Ciascuno di noi ha nei confronti del dolore una soglia di sopportazione diversa. C’è chi alla prima parvenza di malessere corre ai ripari imbottendosi di analgesici e chi – seppur a fatica – preferisce stringere i denti e aspettare che passi da sé. In ogni caso è chiaro che a nessuno piaccia soffrire. Eppure, essendo una costante della nostra condizione umana, il male è inevitabile, in certi casi persino necessario.

Un medico un giorno mi ha detto una frase  sorprendentemente vera: “il dolore ci protegge”, intendendo il dolore fisico come un monito ben preciso, atto ad avvisarci che qualcosa nel nostro corpo non sta funzionando nella maniera giusta.

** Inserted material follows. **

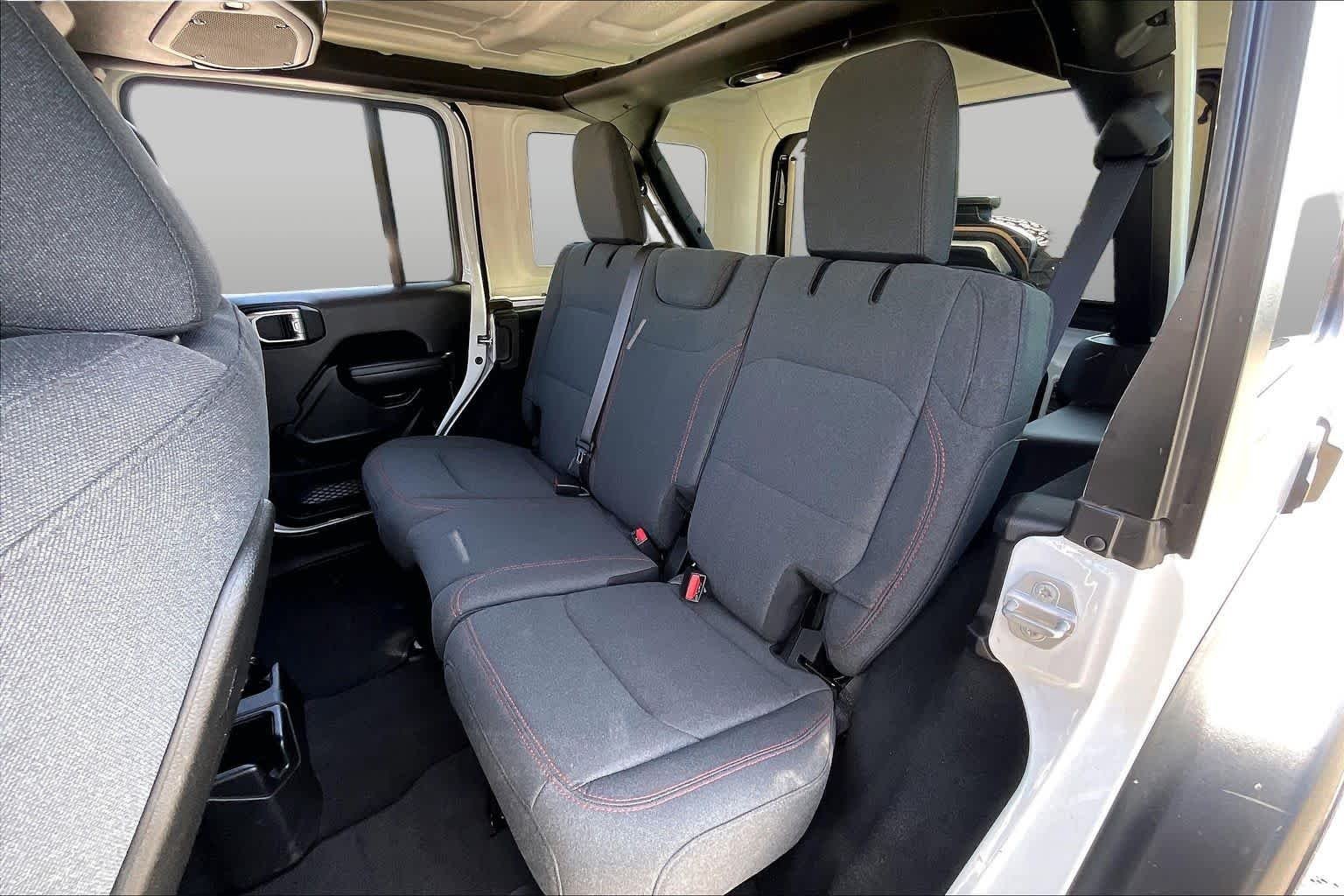 Used 2026 Bright White Clearcoat Jeep Rubicon image 18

E se questa legge immutabile e irriducibile valesse non solo per il corpo ma anche per l’anima? Quando veniamo maltrattati, trascurati o traditi triboliamo forse meno che per un taglio, una frattura o un’infiammazione? Certo che no. Quel campanello d’allarme che risuona sia nella pelle che nei pensieri è lo stesso che vorremmo acquietare fino a ridurlo ad un eco lontano. Eppure lui non ci abbandona, continua a ripeterci che qualcosa non va, come un genitore che ammonisce il figlio nell’errore.

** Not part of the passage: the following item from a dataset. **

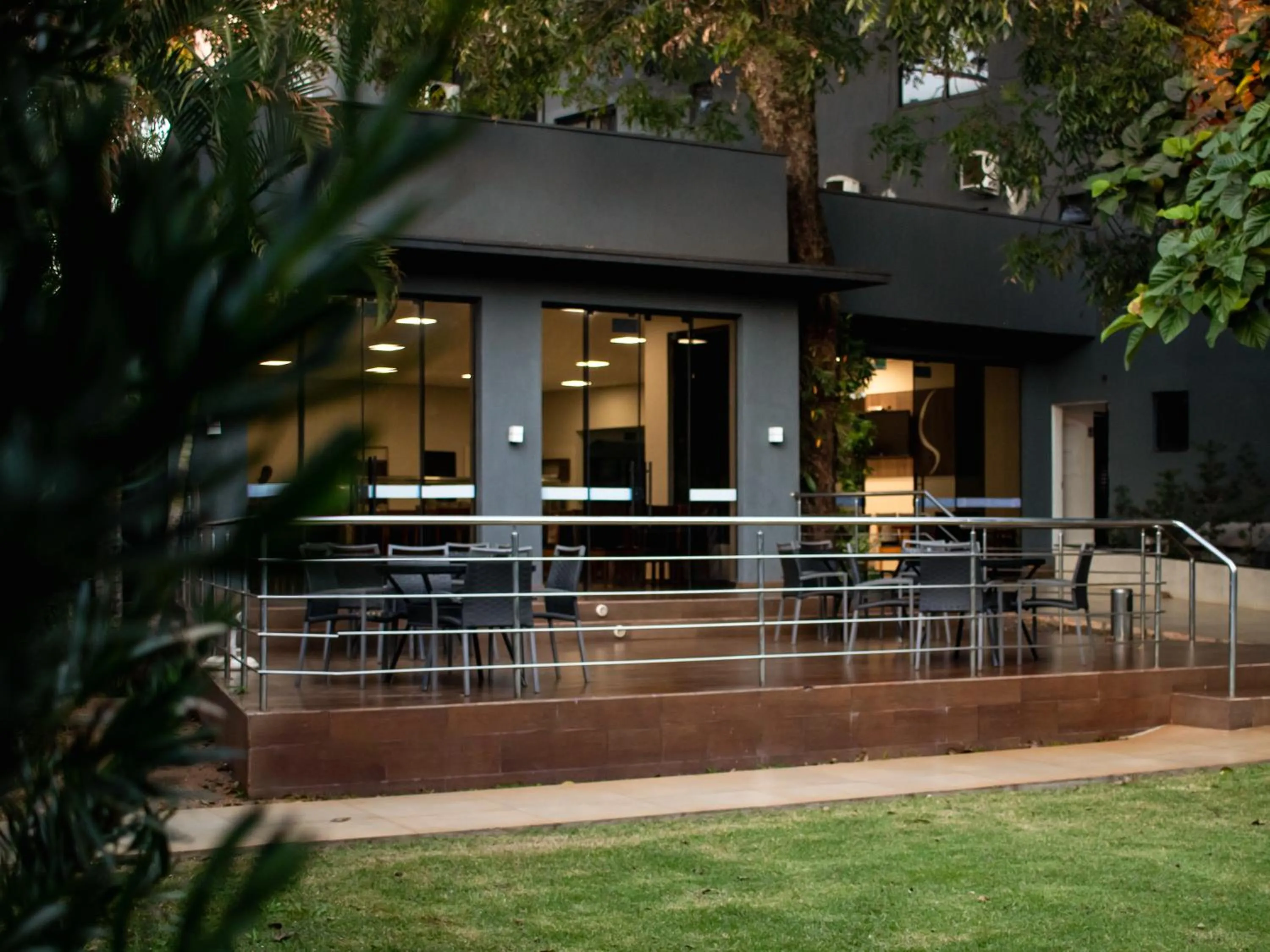Patio in Iguassu Express Hotel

Il dolore ce lo portiamo addosso anche quando, sotto l’effetto di un’aspirina o una bugia, ci sembra di far tacere il suo grido insopportabile. Passato l’effetto, passata l’illusione esso torna, ci stritola tra le sue inospitali braccia e ci costringe a fermarci, a riprendere fiato e coscienza, a capire, a chiedere aiuto. La sofferenza non vuole nient’altro che tenerci al riparo da un pericolo del quale siamo ignari. Lo fa per metterci in salvo, per “il nostro bene”, anche se fa male.